Open. Secret. The two words have coloured the Savile affair since ITV's Exposure documentary revealed the scale of the DJ's sexual predation. Dozens knew that Savile was routinely taking advantage of his position. Or rather, they made damn sure they were never put in the hideous position of absolutely, positively, conclusively knowing.
As the Panorama documentary made clear, the truth didn't come as a thunderclap. Employees found Savile in inappropriate situations with underage girls in dressing rooms. They saw 12-year-old girls in bed in his caravan, or had business meetings when Savile was accompanied by young girls.
The man admitted in his autobiography to spending a night with an underage girl. Still the BBC saw fit to do ... nothing. Well, not quite nothing. Asked by BBC management if he was having sex with underage girls, Savile denied it - and that was that.
We're told the 1970s and 80s were a different era when "chasing a bit of young stuff" wasn't as big a deal as it is today. (Though not to everyone - as the now notorious text about Savile sent to Good Morning Ulster on Friday and sensationally read out by Karen Patterson testifies. As does the traction that audio clip has on the Internet, where it is the source of much misplaced and tasteless merriment among the chatterati.)
The mores of the 70s and 80s as regards paedophilia were no different to now - as anyone who recalls the destruction of Corrie's completely innocent Peter Adamson will know. What was true then, though, and is still true now is that the instinct among the wealthy and famous and those who wannabe like them is to protect the wealthy and famous.
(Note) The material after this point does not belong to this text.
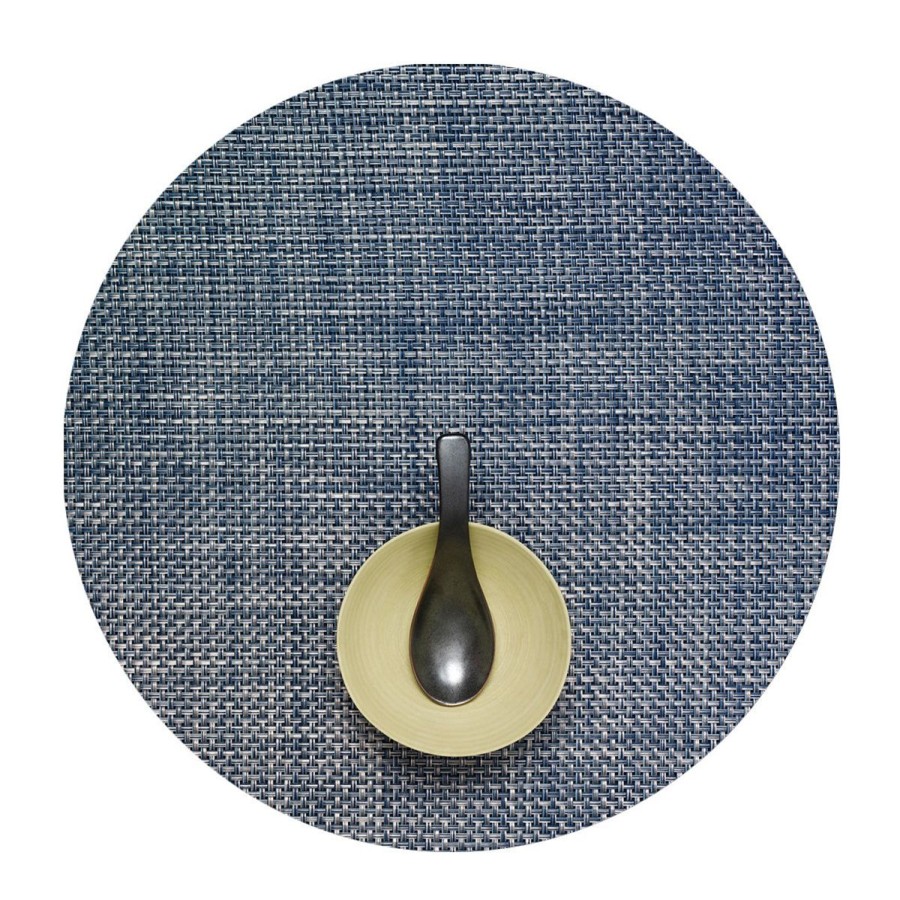 Chilewich Chilewich Basketweave 15" Round Placemat-Denim Clearance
Add to that the music thing - it's only rock and roll. The genre encourages the sexualisation of young people, children even, to sell units. It always has done, from bobbysoxers to Beatlemania. Groupies are the staple of music business legend - and they still are often underage.
The fact is the taste of famous and respected men for young girls was very well known and was glossed over.
John Peel's reputation has escaped the Savile Effect for his relationships with young women. Bill Wyman has joined up with the other Stones for the reunion concerts despite famously beginning a relationship with Mandy Smith when she was 13.
Good old Pete Townshend, fresh from the Olympics, is promoting his new autobiography despite being cautioned by police for his 'research' on child sex internet sites.
These weren't secrets. These were headline news items. It took Savile's death to unleash the public allegations, because for all the prying scandals surrounding the media in recent years, no one would risk 'outing' someone as famous and respected as Sir Jimmy Savile.
What is shocking is that nobody in the BBC even told Savile to stop mauling young women on ToTP. No, there was a corporate investment in not asking questions. Groping women was par for the course at the Beeb. As presenter Sally James made clear at the weekend, victims were pooh-poohed and made to feel humourless prudes.
So, the bastion of liberal opinion colluded in the sacrifice of young girls to the whims of their oh-so-right-on stars, the new aristocracy the Corporation had helped to create.
Now the liberal intelligentsia, with its shunning of broadcasting thresholds and its 'pushing the envelope of taste' and its dragging TV into a sump of self-indulgence, has been left exposed.
In this decade, it took a national outcry to dislodge Ross and Brand. Andrew Marr can be photographed with his hand down the trousers of a woman who is not Mrs Marr and resume his high profile role without any apparent sanction. And Marr labours in current affairs, not showbiz.
The public school lefties of the BBC got their wish. Appropriately, it seems to have been like a 70s builder's yard with Page 3 pictures on the walls and the air vibrating to the twanging of bra straps - all "in good fun" of course.
As the national broadcaster faces its biggest crisis, though, no one, bar the odd crude texter to Radio Ulster, is laughing now.